Als 15-jähriger Schiffsjunge trat Paul Acker seinen Dienst auf einem Segelschiff an, und schon seine erste Reise führte ihn nach Chile. Salpeter wurde damals als Massengut vornehmlich auf Segelschiffe verladen. Hatte er diese erste Reise unter den für einen Schiffsjungen bestimmt nicht leichten Bedingungen überstanden, kam er zur weiteren Ausbildung auf das Schulschiff «Prinz Eitel Friedrich», segelte auf diesem in die Karibische See.
Nun angeheuert als Leichtmatrose schiffte sich Paul auf dem stählernen Viermastsegler «Passat» unter Kapitän Otto Pieper, einem erfahrenen Kap Hoornier ein, einem Schiff, das der Stolz der Reederei Ferdinand Laeisz war. (Am Rande bemerkt: Die «Passat» liegt heute als Museumsschiff in Travemünde und kann besichtigt werden).
Eifrig berichtete Paul Acker seinen Eltern daheim von seinen Reisen und seinen Erlebnissen, schickte Fotos nach Hause, ganz im Gegensatz zu seinem vorherigen ungehörigen Benehmen.
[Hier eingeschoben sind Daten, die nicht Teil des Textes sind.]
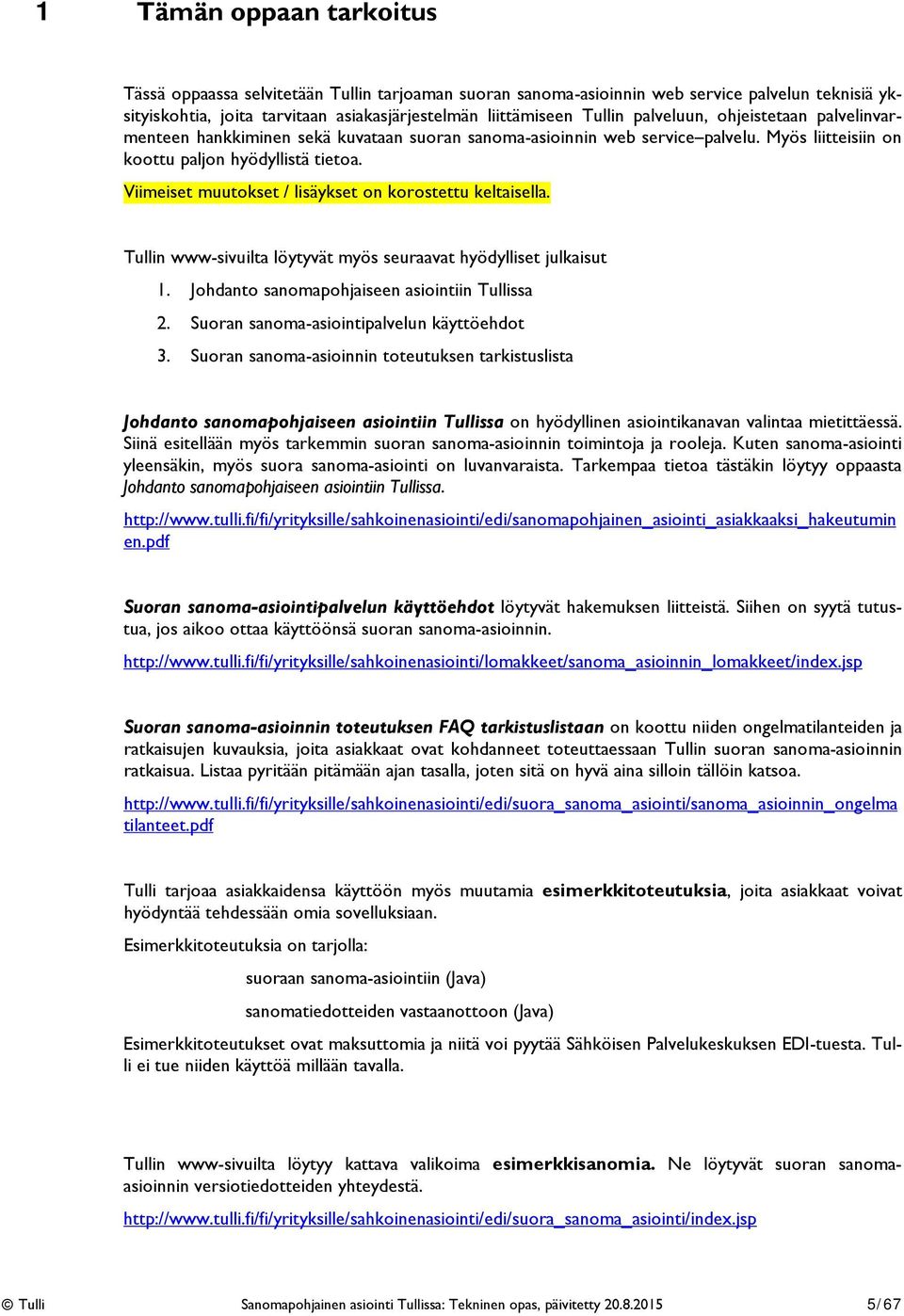 Viimeiset muutokset / lisäykset on korostettu keltaisella. Tullin www-sivuilta löytyvät myös seuraavat hyödylliset julkaisut 1. Johdanto sanomapohjaiseen asiointiin Tullissa 2.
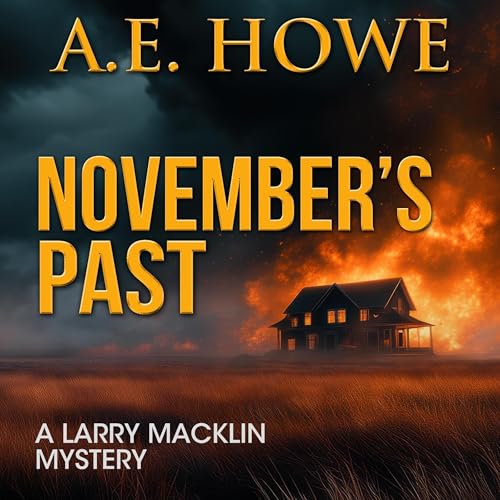 November's Past Audiobook By A. E. Howe cover art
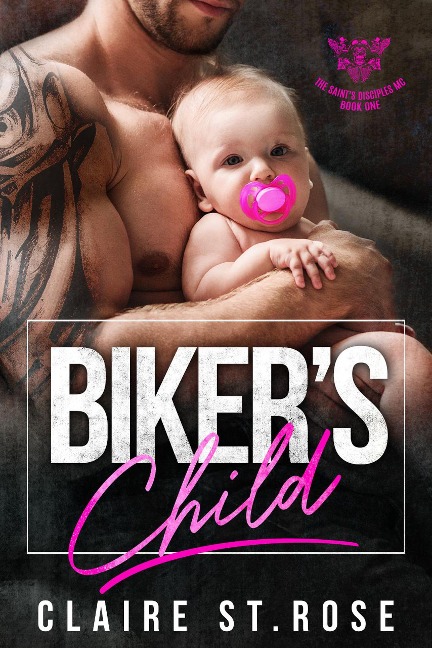 Biker's Child (The Saint's Disciples MC, #1) - Claire St. Rose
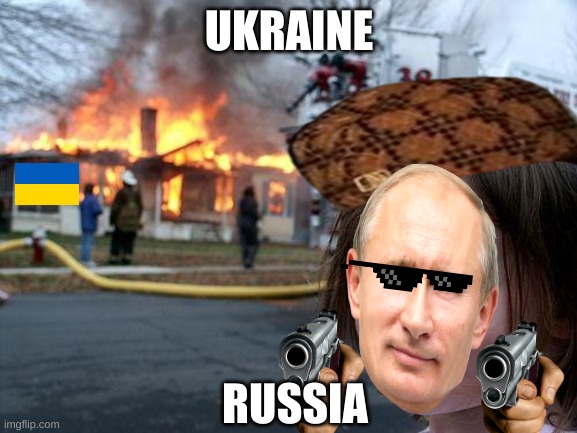 Russia nowadays | UKRAINE; RUSSIA | image tagged in memes,disaster girl | made w/ Imgflip meme maker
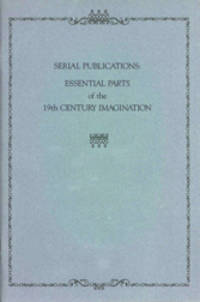 SERIAL PUBLICATIONS: ESSENTIAL PARTS OF 19TH CENTURY IMAGINATION FROM THE COLLECTION OF ROBERT...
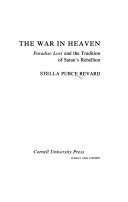 The war in heaven : Paradise lost and the tradition of Satan's rebellion /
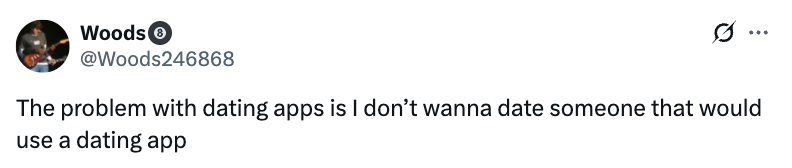 Tweet by Woods: "The problem with dating apps is I don’t wanna date someone that would use a dating app."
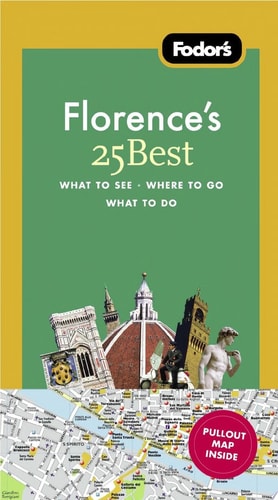 Fodor's Florence's 25 Best, 8th Edition (Full-color Travel Guide)
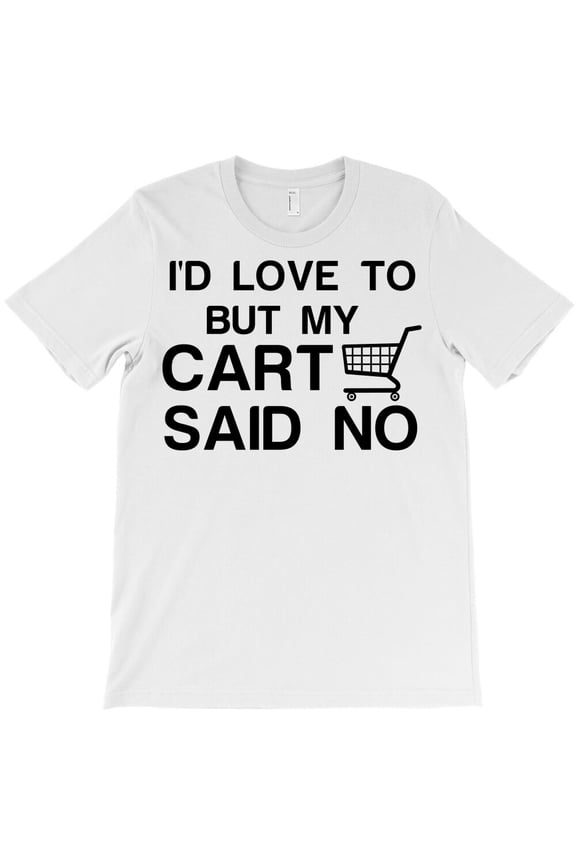 Shopping Cart Said No, Funny Retail Humor Graphic Design For G8818 Unisex T-Shirt, Up to Size 5XL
Fesselnd beschrieb er die in der Alten Welt unbekannten Häfen und Länder.
Vor Anker in Iquique
Die «Passat» legte am 18. Juni 1914 in Iquique an, hier sollte Salpeter geladen werden. Zuvor hatte man in Valparaíso ihre Ladung aus Europa gelöscht. In Iquique wurden Kapitän und Mannschaft von der Meldung des Beginns des Krieges überrascht, und wenn vielleicht anfangs noch Hoffnung bestand, trotz alledem nach Hamburg zurückkehren zu können, so wurde diese doch bald durch die britische Blockade zunichte gemacht. Das Schiff ging auf Reede vor Anker, die Besatzung an Bord wurde festgehalten, weiter dem strengen Dienst unterworfen, da Gefahr bestand, dass die Männer an Land interniert werden könnten. Heute wissen wir, dass dieses nicht der Fall war, Chile blieb neutral, aber wusste man es damals genau?
Der harte, nach Ansicht der Besatzungsmitglieder unsinnige Dienst an Bord, der sich auf die Reparatur der Segel, Rostklopfen, wiederholten Neuanstrich, Abkratzen des «Bartes» aus Muscheln, Tang und anderem Seegewächs, der sich nach längerer Liegezeit am Schiffskörper ansetzte und vieles andere mehr, widersprach dem Wunsch des Leichtmatrosen Paul Acker: Er wollte nach Hause.
Es gelang ihm, sich in einer Nacht von Bord zu schleichen, das Boot eines Fischers nahm ihn mit. Dann strich er durch das nächtliche Iquique, erwischte einen Zug der Salpeterbahn, sprang auf einen Waggon und versteckte sich hinter Strohballen bis der Zug Pozo Almonte erreichte. Von dort schlug sich Paul zur Salpeter-Oficina Peña Chica des peruanischen Unternehmers Gildemeister durch, wo er unter dem falschen Namen Zimmermann eine Anstellung als Schmied fand. Aber auch hier befürchtete er, an die chilenischen Behörden ausgeliefert zu werden, was eine Rückführung an Bord der «Passat» nach sich gezogen hätte, also Strafe wegen Desertion und noch härtere Arbeit.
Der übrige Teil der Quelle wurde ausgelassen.